5. In terzo luogo, possiamo farci un’idea, solo incidentalmente, di come soffrono le
anime del purgatorio. Il fuoco, infatti, non avrebbe potere su di esse, anche se le
avvolgesse, se non avessero delle colpe da espiare. Tali colpe costituiscono la materia
del fuoco. Così è pure dell’anima in questo stato: una volta purificata dalle
imperfezioni, cessa di soffrire e non le rimane che la gioia.
6. Quarto: possiamo dedurre che, a mano a mano che si spoglia e si purifica grazie a
questo fuoco d’amore, l’anima se ne infiamma sempre più, come il legno s’incendia più
o meno presto secondo che viene più o meno predisposto a ricevere il fuoco. L’anima,
però, non sempre avverte questo incendio d’amore, ma solo a tratti, quando non è
investita troppo intensamente dalla contemplazione. In questo caso l’anima ha modo di
vedere e anche di apprezzare il lavoro che si va realizzando in lei, perché le si
manifesta. La mano che la prova sembra fermarsi e tirarla fuori dalla fucina perché essa
possa constatare la trasformazione che si va operando nel suo intimo.
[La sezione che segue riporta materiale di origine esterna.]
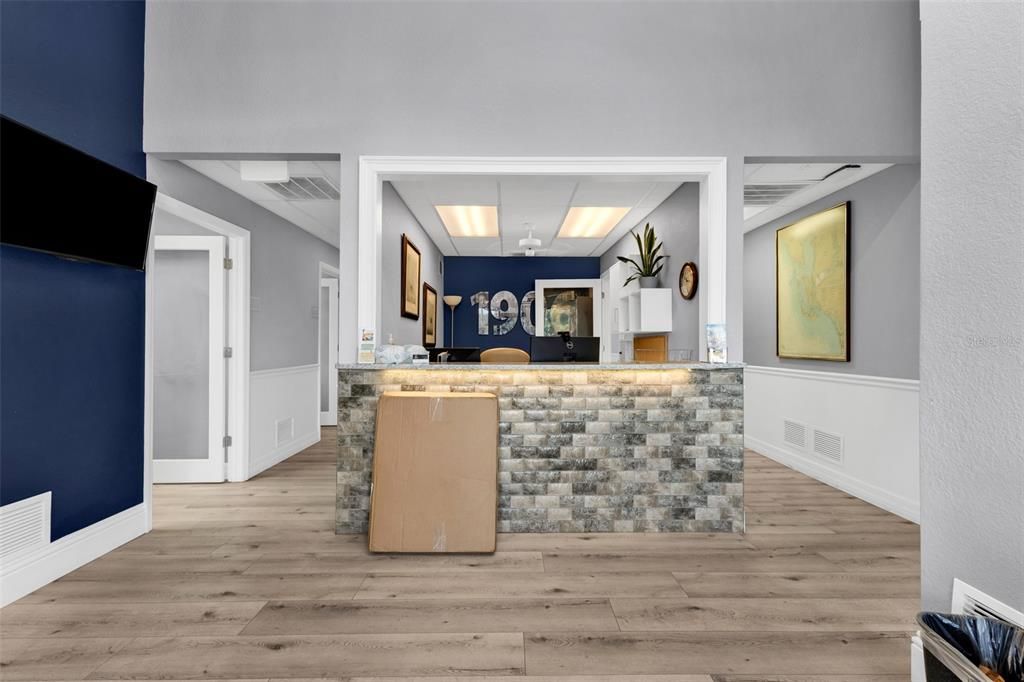 For Sale: $108,460 (0 beds, 0 baths, 9818 Square Feet)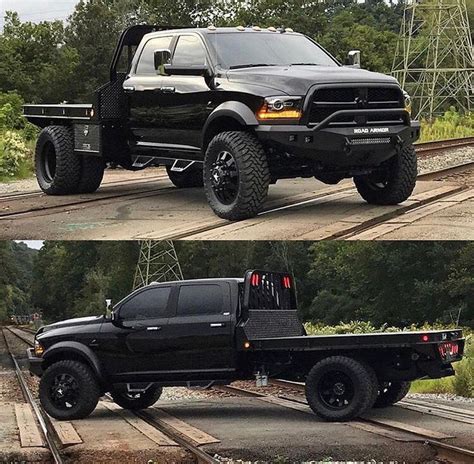 @667colehardman #dodge #cummins #dodgecummins #lifteddodge # ...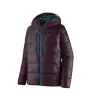 Jacket Patagonia Fitz Roy Down Hoody M's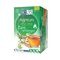 Biolys Curcuma-reglisse 24 Sachets 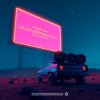 Sommer Ray - LaLaLa (Everybody’s Up) [HEDEGAARD Edit]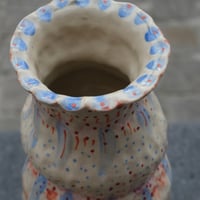 Image 5 of MIA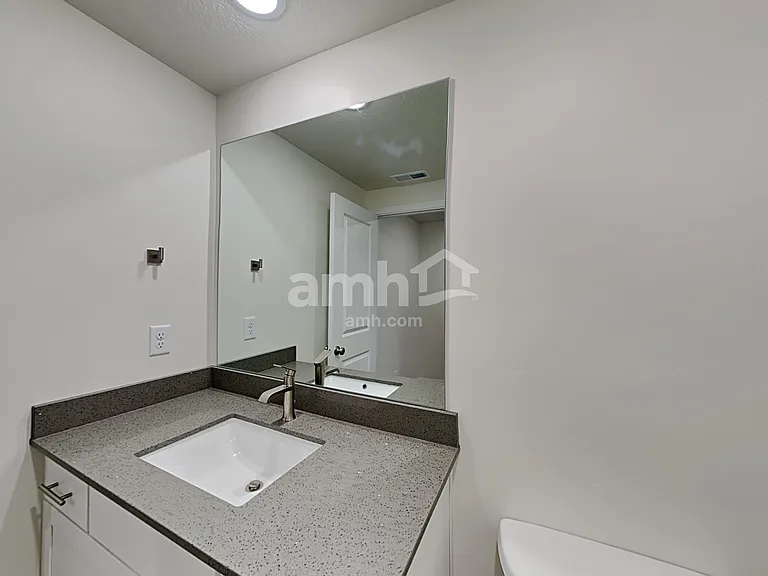 6047 W Arranmore Dr — Photo 22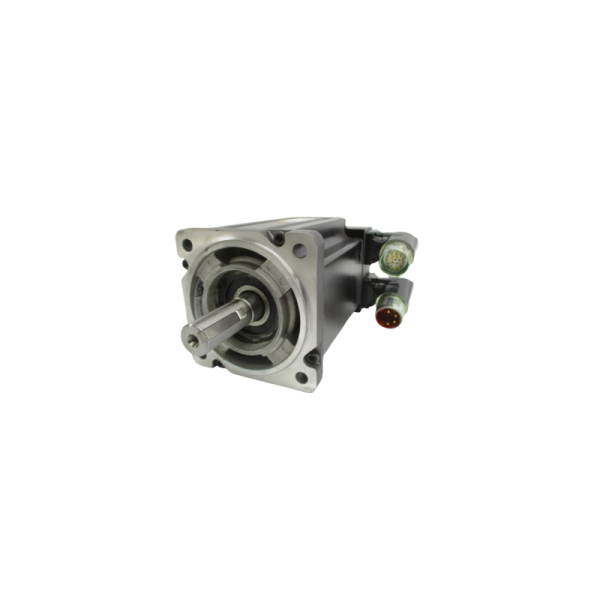 Allen-Bradley | MPL-A320P-SJ72AA | MP-Series Low Inertia Motor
L’anima può così
scorgere in sé il bene che non riusciva a vedere durante le sofferenze. Similmente,
quando la fiamma cessa di investire il legno, si vede bene quanto ne abbia bruciato.
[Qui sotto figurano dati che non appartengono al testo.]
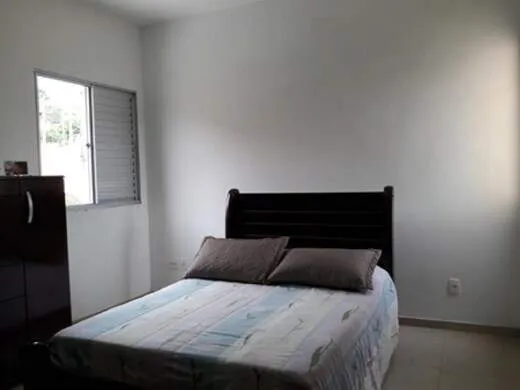 Imagem Casa à venda, 3 quartos, 1 suíte, 3 vagas, IDULIPE - Santa Luzia/MG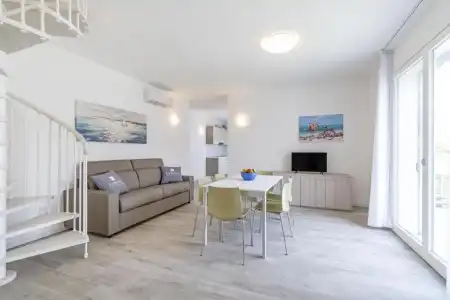 Venice Golf Residence - 12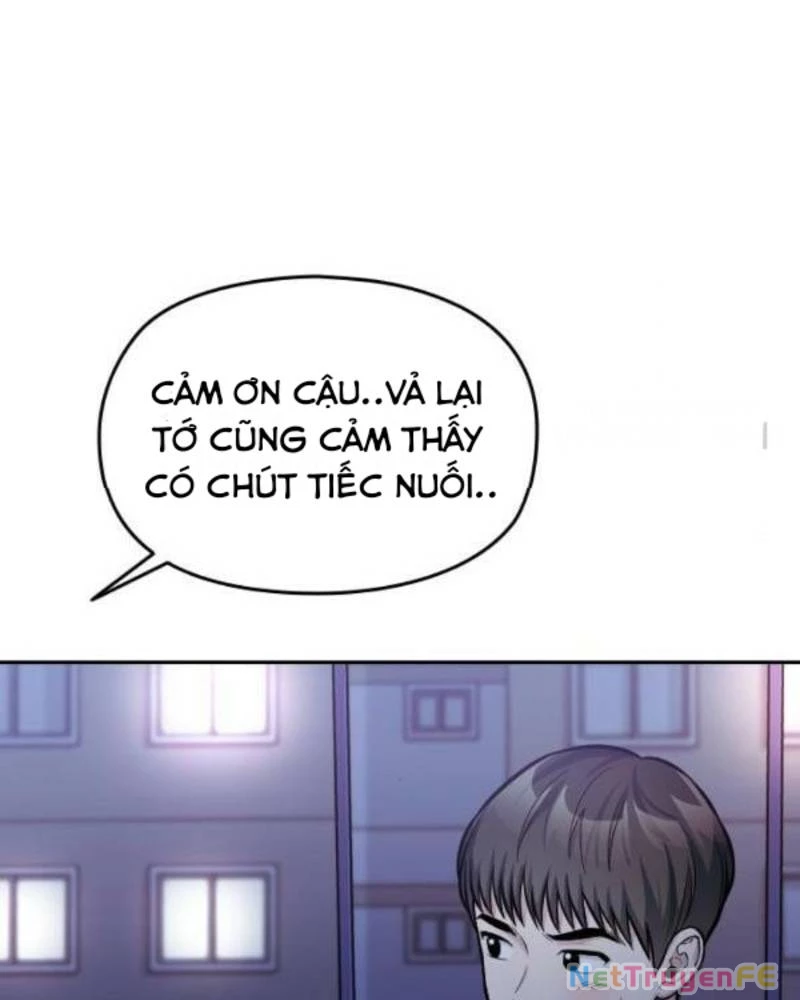 Ẩn Danh, Tôi Biết Bạn! Chapter 39 - Trang 3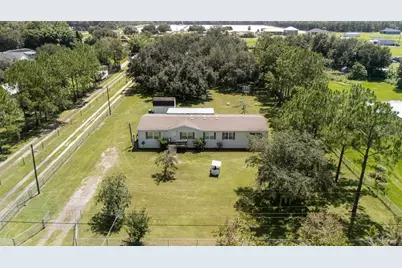11516 Tuten Loop, Lithia, FL 33547 - Photo 4
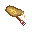 animation.gif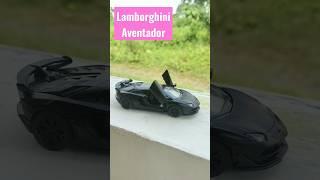 Lamborghini Aventador #lamborghini #mobilsport #shortvideo #shortsvideo #shortsfeed #shorts #short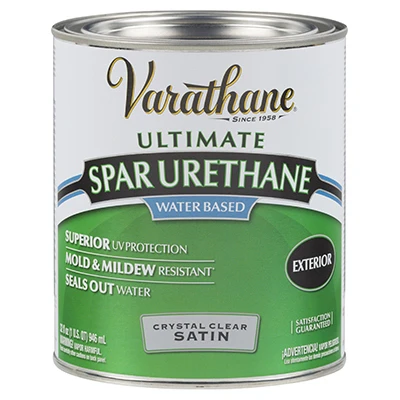 vassartruevalue4354300
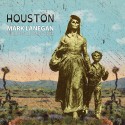 Mark Lanegan - Houston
7. Quinto: da questo paragone possiamo dedurre anche quello che ho detto sopra, cioè
quanto sia vero che, dopo questa pausa di sollievo, l’anima riprende a soffrire più
intensamente e profondamente di prima. Infatti, dopo quella breve pausa che si ha
quando l’anima è stata purificata soprattutto dalle imperfezioni esterne, il fuoco d’amore
torna a ferirla ancora, la consuma e la purifica in profondità. La sofferenza dell’anima è
tanto più intima, penetrante e spirituale, quanto più la purificazione raggiunge le
imperfezioni più intime, penetranti e spirituali o più radicate nel fondo del suo essere.
Accade proprio come al legno: quando il fuoco penetra più profondamente, aumenta la
forza e il furore per trasformarlo fin nelle fibre più intime e, così, impossessarsene.
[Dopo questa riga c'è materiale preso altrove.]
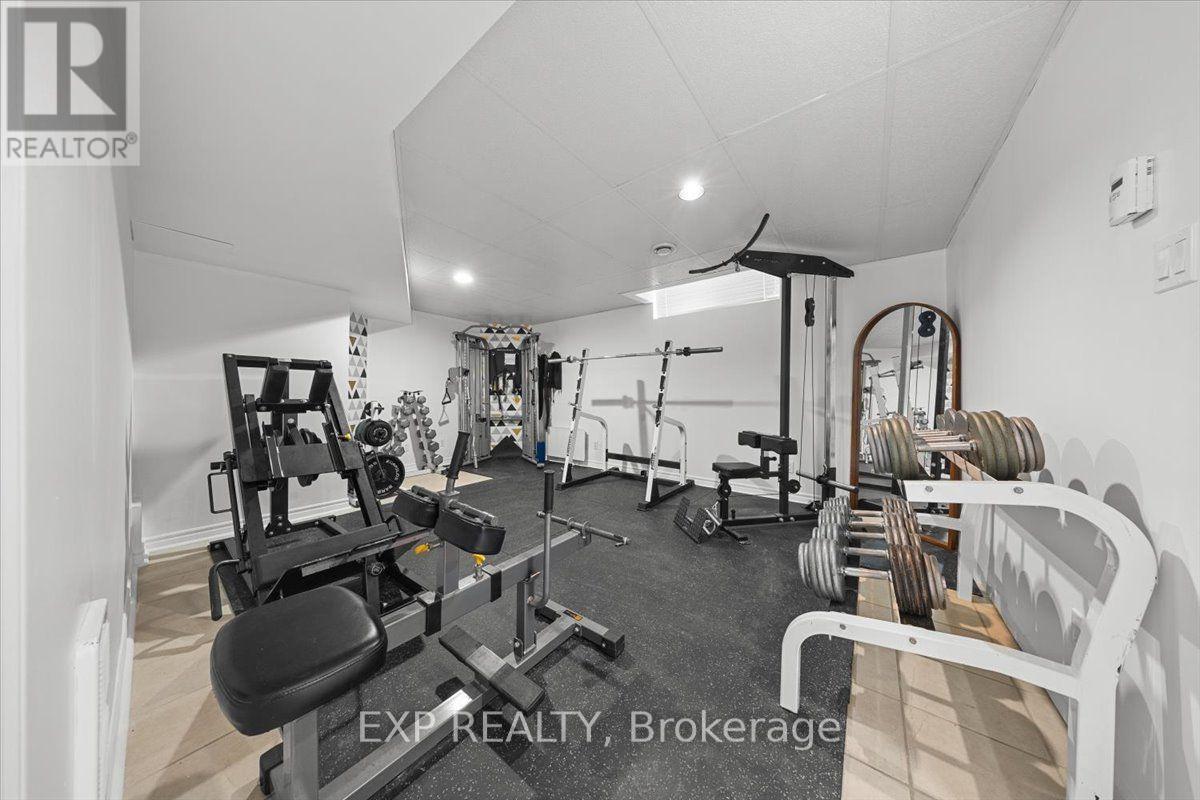 2169 Brianna Way, Ottawa, Ontario  K4A 4E3 - Photo 35 - X13793448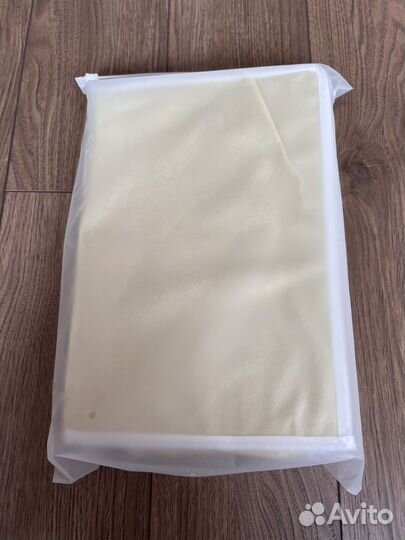 Органайзер подвесной на дверь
8. Sesto: dal paragone fatto possiamo dedurre anche il motivo per cui l’anima crede che
tutto il bene sia perduto e che, anzi, sia piena di mali, perché durante questa
purificazione non prova altro che amarezza. Così è del legno che brucia: l’aria o altra
cosa non fa che alimentare il fuoco che lo divora. Ma se si verificano altre pause di
sollievo come le prime, la sua gioia sarà più intima, perché la purificazione è stata più
profonda.
9. Settimo: possiamo pure dedurre che in questi intervalli l’anima goda maggiormente e
che a volte le sembri addirittura che le sofferenze non debbano più tornare; ma poiché
ritorneranno ben presto, se ci fa caso, e a volte anche se non ci fa caso, continuerà ad
avvertire la cattiva radice che le rimane e le impedisce di gustare una gioia piena. Le
sembra di sentire, infatti, la minaccia di un nuovo assalto; quando è così, esso non tarda
a venire. Infine, ciò che resta da purificare e illuminare nella parte più intima dell’anima
non può essere nascosto completamente a quella parte dell’anima già purificata. Anche
nel legno è ben visibile la differenza tra la parte esterna già accesa e quella interna non
ancora bruciata. Quando poi la purificazione tocca la parte più intima, non dobbiamo
46meravigliarci se l’anima crede un’altra volta di aver perduto tutto il bene e di non
poterlo mai più riavere; infatti, immersa nelle sofferenze più intime, perde di vista tutti i
beni esteriori.
10. Ora, tenendo presente questo paragone insieme alle spiegazioni del primo verso
della prima strofa della “Notte oscura” e delle sue terribili caratteristiche, sarà
opportuno passare oltre queste cose tristi dell’anima e cominciare invece a trattare del
frutto delle sue lacrime nonché delle sue proprietà preziose che sono annunciate dal
secondo verso: con ansie, dal mio amor tutta infiammata.